Additionally, a state company, Petrosal, will be created to manage the government’s interest in the pre-salt fields. The new company will be a consortium partner and will act according to the best practices of the international industry, says Almeida.

Finally, a new social fund has been set up, to be funded by such sources as royalties, signing bonuses and PSA revenues. “It will be used in Brazil on education, culture, environment, science and technology, and health,” he says.

Challenges faced by the government include establishing the parameters of the new contracts so the blocks are still attractive; constructing Petrosal, the new public company; and ensuring that local content is really local. Two of the government’s decisions are political, notes Almeida: Petrobras will be the exclusive operator of the pre-salt PSAs, and oilfield equipment and technologies for use in the pre-salt should come from inside Brazil.

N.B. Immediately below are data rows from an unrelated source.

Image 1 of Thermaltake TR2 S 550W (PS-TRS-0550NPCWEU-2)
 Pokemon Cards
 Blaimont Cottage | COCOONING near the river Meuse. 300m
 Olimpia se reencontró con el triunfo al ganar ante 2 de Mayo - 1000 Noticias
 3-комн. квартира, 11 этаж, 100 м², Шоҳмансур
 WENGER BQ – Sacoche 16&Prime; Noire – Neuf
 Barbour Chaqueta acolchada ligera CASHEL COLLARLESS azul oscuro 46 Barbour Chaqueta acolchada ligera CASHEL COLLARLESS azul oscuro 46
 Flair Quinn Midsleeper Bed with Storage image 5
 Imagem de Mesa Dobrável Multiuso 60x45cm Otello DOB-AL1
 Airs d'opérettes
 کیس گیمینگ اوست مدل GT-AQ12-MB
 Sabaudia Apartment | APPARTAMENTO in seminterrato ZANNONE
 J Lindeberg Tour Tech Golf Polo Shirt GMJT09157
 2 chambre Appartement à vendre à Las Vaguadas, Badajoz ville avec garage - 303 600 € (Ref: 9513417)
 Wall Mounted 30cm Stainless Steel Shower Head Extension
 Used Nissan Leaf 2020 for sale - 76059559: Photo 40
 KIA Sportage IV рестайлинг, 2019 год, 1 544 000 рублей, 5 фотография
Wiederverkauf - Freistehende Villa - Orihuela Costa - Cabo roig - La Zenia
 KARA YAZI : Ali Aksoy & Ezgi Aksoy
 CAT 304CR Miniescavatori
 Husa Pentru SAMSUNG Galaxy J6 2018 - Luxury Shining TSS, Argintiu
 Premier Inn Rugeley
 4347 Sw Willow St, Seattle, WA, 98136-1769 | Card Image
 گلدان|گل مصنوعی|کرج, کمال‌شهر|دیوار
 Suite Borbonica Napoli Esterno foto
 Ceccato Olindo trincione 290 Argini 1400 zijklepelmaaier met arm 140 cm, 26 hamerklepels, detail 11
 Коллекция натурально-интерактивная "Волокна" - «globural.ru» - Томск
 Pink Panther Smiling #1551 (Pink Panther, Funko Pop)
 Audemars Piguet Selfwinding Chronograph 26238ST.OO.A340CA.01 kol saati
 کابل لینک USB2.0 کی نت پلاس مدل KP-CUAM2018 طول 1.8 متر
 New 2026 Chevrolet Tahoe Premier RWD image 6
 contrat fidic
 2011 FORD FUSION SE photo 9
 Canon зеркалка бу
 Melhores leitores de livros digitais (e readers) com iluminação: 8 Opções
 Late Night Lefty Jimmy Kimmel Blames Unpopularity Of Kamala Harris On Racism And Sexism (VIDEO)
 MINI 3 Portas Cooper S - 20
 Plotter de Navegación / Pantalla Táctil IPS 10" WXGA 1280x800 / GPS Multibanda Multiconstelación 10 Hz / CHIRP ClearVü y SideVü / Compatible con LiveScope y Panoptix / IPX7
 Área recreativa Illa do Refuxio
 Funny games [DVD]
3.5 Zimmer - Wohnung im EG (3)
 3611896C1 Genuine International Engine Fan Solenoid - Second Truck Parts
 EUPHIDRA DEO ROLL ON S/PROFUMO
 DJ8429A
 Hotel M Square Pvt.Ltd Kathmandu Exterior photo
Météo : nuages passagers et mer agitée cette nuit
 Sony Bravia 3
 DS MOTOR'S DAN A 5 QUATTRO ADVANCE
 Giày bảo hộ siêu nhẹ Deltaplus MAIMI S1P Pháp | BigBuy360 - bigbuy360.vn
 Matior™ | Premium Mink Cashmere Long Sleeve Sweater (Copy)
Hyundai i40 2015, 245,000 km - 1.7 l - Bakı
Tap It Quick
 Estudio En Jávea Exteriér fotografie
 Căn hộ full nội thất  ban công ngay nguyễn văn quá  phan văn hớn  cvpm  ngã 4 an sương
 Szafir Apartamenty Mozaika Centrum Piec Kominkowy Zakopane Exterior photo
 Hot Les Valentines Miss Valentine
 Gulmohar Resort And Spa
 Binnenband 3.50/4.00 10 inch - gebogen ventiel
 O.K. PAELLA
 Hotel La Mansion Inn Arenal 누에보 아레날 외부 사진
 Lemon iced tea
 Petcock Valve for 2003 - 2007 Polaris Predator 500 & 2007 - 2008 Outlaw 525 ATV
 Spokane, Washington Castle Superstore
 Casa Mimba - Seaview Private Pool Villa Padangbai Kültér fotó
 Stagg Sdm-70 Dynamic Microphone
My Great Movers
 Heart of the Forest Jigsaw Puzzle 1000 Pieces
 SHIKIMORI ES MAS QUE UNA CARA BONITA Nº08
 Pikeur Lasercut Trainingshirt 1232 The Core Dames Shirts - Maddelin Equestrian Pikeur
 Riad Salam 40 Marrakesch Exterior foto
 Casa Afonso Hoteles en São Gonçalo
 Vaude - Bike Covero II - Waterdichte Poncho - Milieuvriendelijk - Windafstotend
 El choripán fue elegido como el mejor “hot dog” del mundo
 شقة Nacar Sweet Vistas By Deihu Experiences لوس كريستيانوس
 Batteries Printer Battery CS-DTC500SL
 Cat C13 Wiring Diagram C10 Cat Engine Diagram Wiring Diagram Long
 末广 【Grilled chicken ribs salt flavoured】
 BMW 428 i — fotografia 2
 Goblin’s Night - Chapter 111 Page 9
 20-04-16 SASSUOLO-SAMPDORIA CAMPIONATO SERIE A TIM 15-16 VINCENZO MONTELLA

At the close of 2009, Brazilian officials announced that the highly anticipated 11th round of bidding will likely occur this spring. But, the 11th round will not offer pre-salt licenses, as the new rules are still being debated in the Brazilian National Congress.

“By March 2010 the new model should be completely approved,” says Almeida. At present, debates about royalty sharing among states and the capitalization of Petrobras are ongoing. Given that it’s an election year in Brazil, the March time frame may be somewhat optimistic.